Rosario Violeta Solís Hernández, better known as Charito Solís (October 6, 1935 – January 9, 1998), was a FAMAS and Gawad Urian Award-winning Filipina film actress, in addition to being the first Philippine woman who have bared her chest in recorded film.

Profile
Rosario Violeta Solís Hernández was born in Manila. At age 19, she was introduced by her uncle, the film director F. H. Constantino to Doña Narcisa de León, the head of LVN Pictures, who cast her to star in her initial movie Niña Bonita, an adaptation of Frank Capra's It Happened One Night. The film was a success, and marked the beginning for Solís of a 43-year career in film that lasted until her death. Solís died on January 9, 1998, in Calamba from cardiac arrest.
She was buried at Manila Memorial Park in Parañaque.

Film career
Solís would star in well over 100 films starting with LVN Pictures' classics such as Niña Bonita (1955), Charito, I Love You! (1956), Walang Sugat (1957), Malvarosa (1958), Kundiman Ng Lahi (1959) and Emily (1960). She was featured in several of the best-known and critically acclaimed movies of Philippine cinema. She played the female lead in the 1962 film adaptation of Jose Rizal's El filibusterismo, directed by Gerardo de Leon.
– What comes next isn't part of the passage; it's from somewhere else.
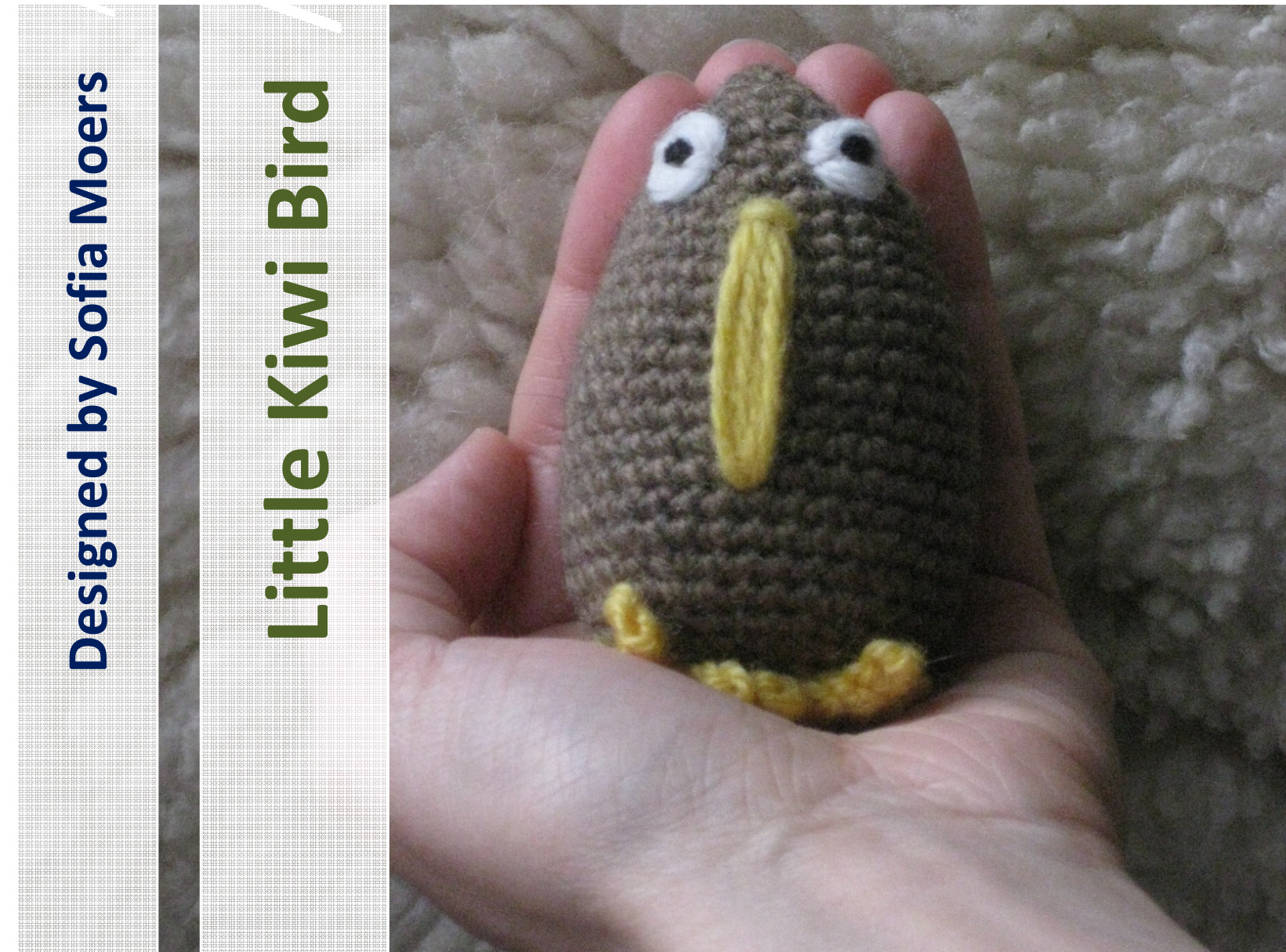 Crochet Pattern for a Cute Kiwi Bird Toy: A Beginner-Friendly, Handmade Design for Personal or Charity Use pattern preview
Among her many films she also appeared in Eddie Romero's Manila, Open City (1967), Araw-Araw, Gabi-Gabi (1975) and Agila (1980); in Mike de Leon's Kisapmata (1981) and Batch 81 (1982); in Ishmael Bernal's City After Dark (1980) and Hinugot sa Langit (1985); in Lino Brocka's Init (1979) and Ina, Kapatid, Anak (1979); and as the narrator in Marilou Diaz-Abaya's Karnal (1983). Other notable performances of Solís were featured in Angustia (1963), Tatlong Mukha Ni Pandora (1963), Magda Sales (1964), Claudia (1966) and Boomerang (1966).
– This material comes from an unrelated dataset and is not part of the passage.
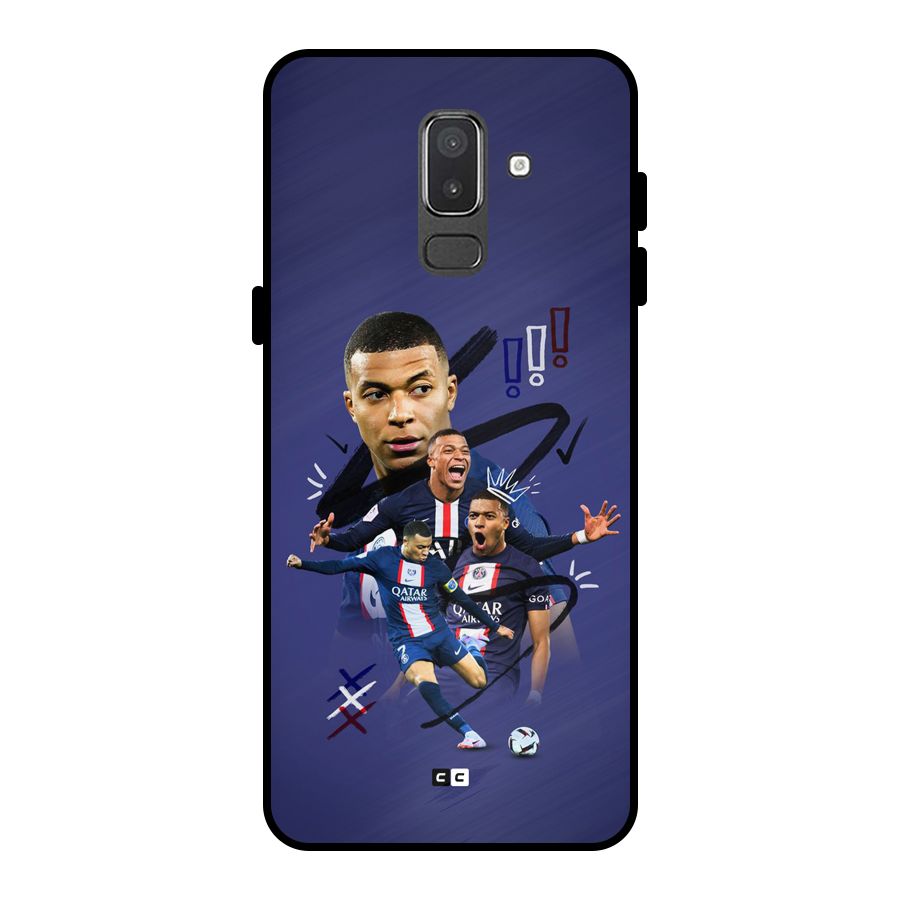 Socccer Star Qatar Metal Back Case for Galaxy On8 (2018)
From 1967 to 1971, she was under contract in “Nepomuceno Productions”. Her Eight films for that outfit were Dahil Sa Isang Bulaklak, Ang Langit Sa Lupa, Luha Sa Karimlan, Manila Open City, Igorota, Ang Pulubi, Pipo and The Hunted. Her performance in Dahil Sa Isang Bulaklak earned her the 1967 Asian Best Actress award from the Asian Film Festival held in Tokyo, Japan. Dahil sa... also brought a bonus to Solis: with the film being the country's entry to the Best Foreign Film category at the Academy Awards (the film did not make it to the semi-finals), she and Luis Nepomuceno, the film's producer, were given tickets to see the 40th Academy Awards, the first Filipinos to ever do so.

After her association with Nepomuceno Productions ended, she appeared in several more films such as Shake, Rattle & Roll, Hindi Kami Damong Ligaw (1976), Ms. Teresa Abad Ako Si Bing, Hugasan Mo Ang Aking Kasalanan, Babae Sa Likod Ng Salamin, Beerhouse, Babae Huwag Kang Tukso, Tundo Isla Puting Bato, Babae Ngayon At Kailanman, Walang Katapusang Tag-araw, Mga Tinik Ng Babae, Iwasan Kabaret, Hubad Sa Mundo, Mga Huwad Na Mananayaw, Init, and Alaga.
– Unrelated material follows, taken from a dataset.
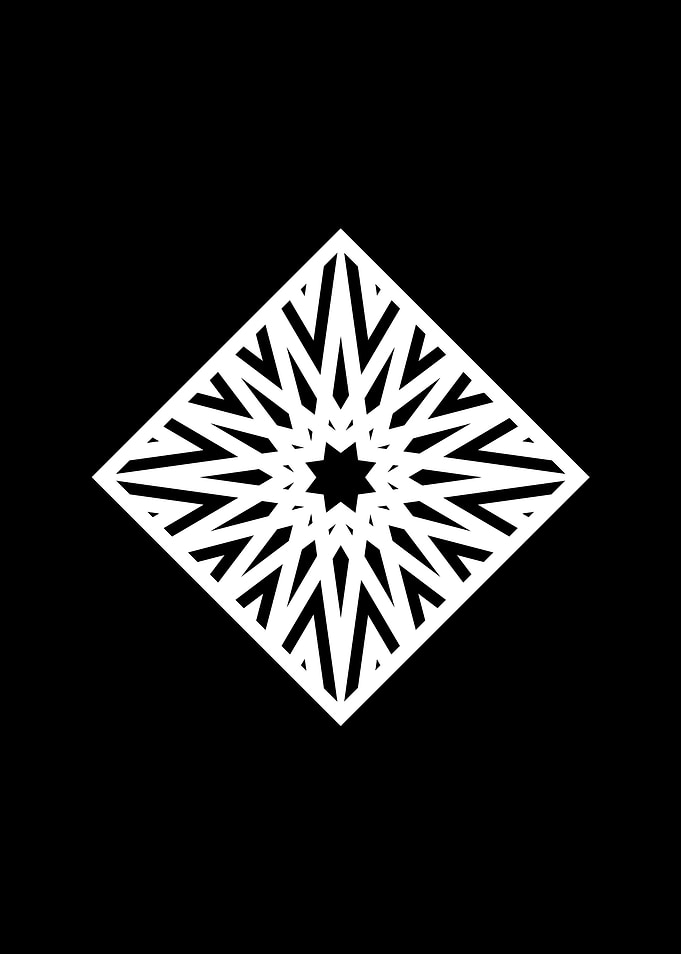 White Sacred Geometry Seal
Solís became the first Filipino actress to play the lead role in an internationally released Japanese movie, in 1961 when she starred in Kenji Misumi's “Shaka”, a film biography on the life of Shakyamuni Buddha. She appeared in another Japanese film The Princess and I produced by Daiei Japan which had its Philippine Premiere in Lyric Theater on Escolta on October 10, 1962. Solís starred in another international production, alongside Tetchie Agbayani and John Saxon in Eddie Romero's Desire (1982).

Awards
Her performance in 1967's Dahil sa Isang Bulaklak, directed by Luis Nepomuceno, won her Best Actress award at the 1967 Asian Film Festival. She again starred for Nepomuceno the following year in Igorota, where she became the first Filipina actress to bare her breasts on film. Her role in Igorota won her the 1968 FAMAS Best Actress Award, one of 5 she would win during her career. Her other four FAMAS Best Actress wins came in 1959 for Kundiman ng Lahi; in 1960 for Emily; in 1963 for Angustia; and in 1983 for Don't Cry for Me, Papa. After her fifth win, in 1984, she became the first actress to be inducted into the FAMAS Hall of Fame. She also won the Gawad Urian Best Actress award in 1979 for Ina, Kapatid, Anak, and for Best Supporting Actress for in 1981 and 1982 for Kisapmata and Karnal, respectively. In 1984, Solís won Best Supporting Actress for her performance as a narrator in Karnal from Philippine Academy of the Philippines (FAP Awards).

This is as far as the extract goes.